Mesmo quando é efetuada a ´troca de guarda´ com a personagem Dona Benta, ela continua a puxar a brasa para a bonequinha (Bignotto, 2006, p.97): Dona Benta riu-se. – É inútil, Emília. Por mais que você faça, não consegue ser louca varrida – ficará sempre uma louquinha muito querida pelas crianças em geral.

 

Pare com Emília, vovó! – gritou a menina, furiosa. – A senhora até parece o Lobato – Emília, Emília, Emília. Continue a história de D. Quixote. (Bignotto, 2006, p.97 citando Monteiro Lobato, 1978, p. 5).

 

A releitura dos clássicos

A habilidade de Lobato em enxugar as narrativas clássicas de modo a torná-las digeríveis para os pequenos leitores deixou profundas marcas em muitos que hoje estão bem crescidinhos, atuando em diversos setores como economia, política e… literatura. Outro aspecto relativo à narrativa particular de Lobato é a eventual intervenção por um leitor imaginário (o próprio Lobato) que simula um diálogo com o leitor, remetendo à linguagem oral.

No exemplo abaixo, retirado de Reinações de Narizinho, o narrador descreve o destino de sete leitõezinhos da criação do Sítio: ´O tempo foi passando e os leitões foram crescendo, e à medida que iam crescendo, iam entrando…§- Para a escola, já sei! §- Sim, para a escola do forno. §- Que horror! §- Pois é verdade. Vida de leitão no Sítio do Picapau Amarelo não é das mais invejáveis.[…] (Lobato, 1978, p. 47)

A mitologia de Lobato

Lobato rompeu com o padrão literário europeu e alavancou a produção de livros destinada às crianças. Aproveitou nossa tradição folclórica e criou uma mitologia autônoma, repetida em quase todas as narrativas. Suas críticas à escola serviram para uma reflexão sobre a literatura como instrumento de manipulação da mente da criança pelo adulto, através do questionamento da veracidade das convenções impostas pela sociedade.

A voz da modernidade

Para um autor nascido no tempo de D. Pedro II, no qual ainda havia escravidão e crianças tratadas como adultos em miniatura, sua obra abriu portas para uma modernidade idealizada, na qual ele lançou as sementes de um Brasil culturalmente emancipado, desenvolvido e democrático, a começar com seus pequenos leitores de então. Imprime-se a voz de nossa brasilidade.

FIQUE POR DENTRO

Personagem e representações

Das inúmeras personagens do universo literário infantil de Monteiro Lobato, uma traz em si a função de ir além do que se espera de uma personagem infantil, que é entreter ou divertir: Dona Benta representa o narrador que dialoga, educa e transforma, o que vai de encontro aos objetivos do autor Monteiro Lobato, que pregava aos quatro ventos a necessidade de proporcionar educação de qualidade às crianças brasileiras pelo conhecimento atrelado às boas leituras.

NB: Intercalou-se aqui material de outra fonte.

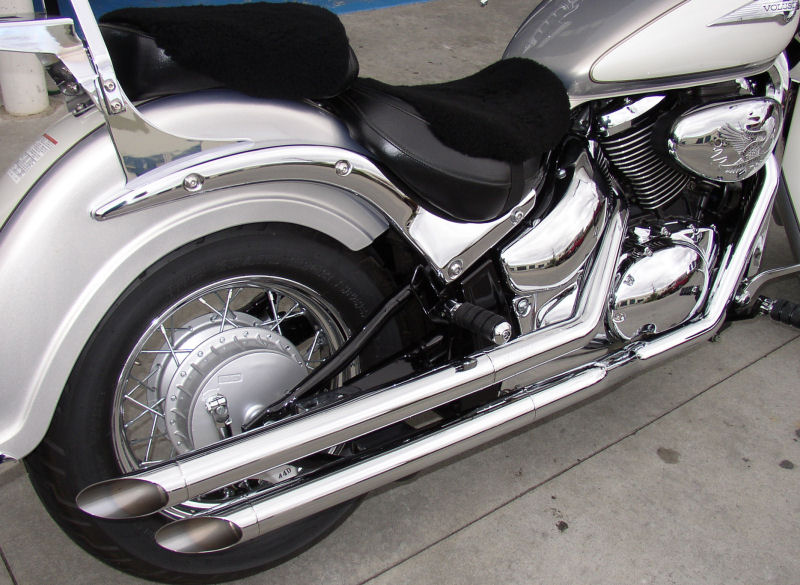 Suzuki_Volusia_with_VH_Pipes.jpg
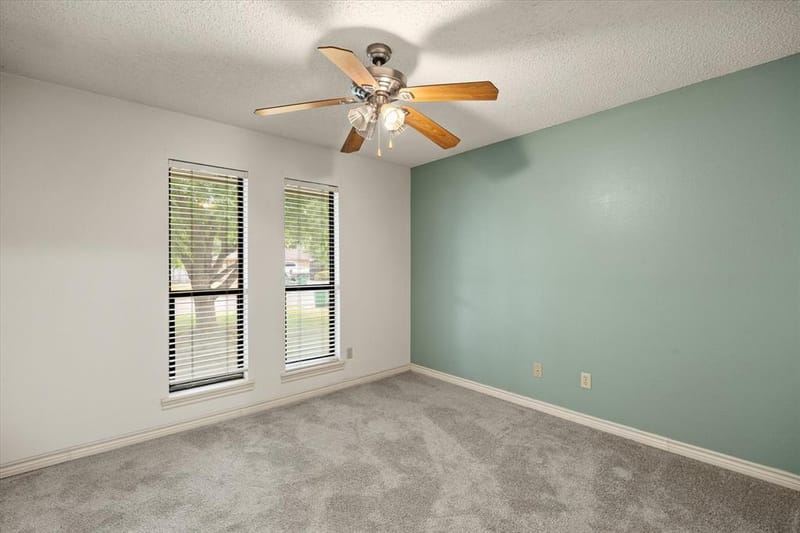 1812 N Cypress Avenue, Stephenville TX 76401 - Photo 11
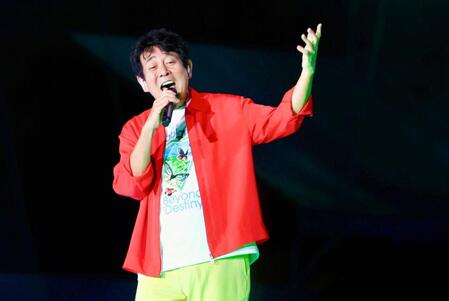 熱唱するＴＵＢＥの前田亘輝（撮影・中島達哉）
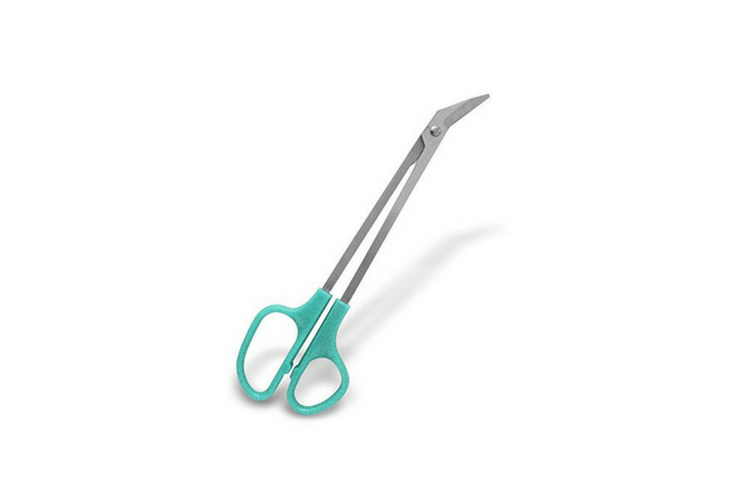 nail clippers with scissor handles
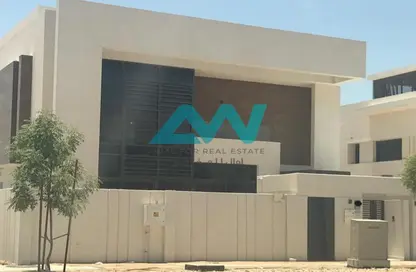 Villa - 4 Bedrooms - 5 Bathrooms for rent in West Yas - Yas Island - Abu Dhabi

Dona Benta foi e tem sido ainda um instrumento de propagação da narrativa dialógica, que ao mesmo tempo em que instrui, respeita a inteligência e incentiva o interesse da criança. Contar uma história a uma criança, ora parafraseando um texto escrito ora criando um novo, envolve a necessidade de tornar esse texto compreensível para uma dada faixa etária. Utilizar recursos de entonação de voz, bem como permitir digressões de cunho esclarecedor relativo ao tema da narrativa, compõem o perfil do educador voltado a introduzir o gosto pela literatura nas séries iniciais.

A análise detalhada do papel de Dona Benta no contexto narrativo-dialógico das obras infantis de Lobato promove a reflexão acerca da necessidade de contarmos com professores preparados não somente pelas novas teorias psicopedagógicas que surgem a cada dia, mas com professores-leitores, apreciadores da leitura a ponto de contagiar novas gerações, disseminando o exercício prazeroso do aprender.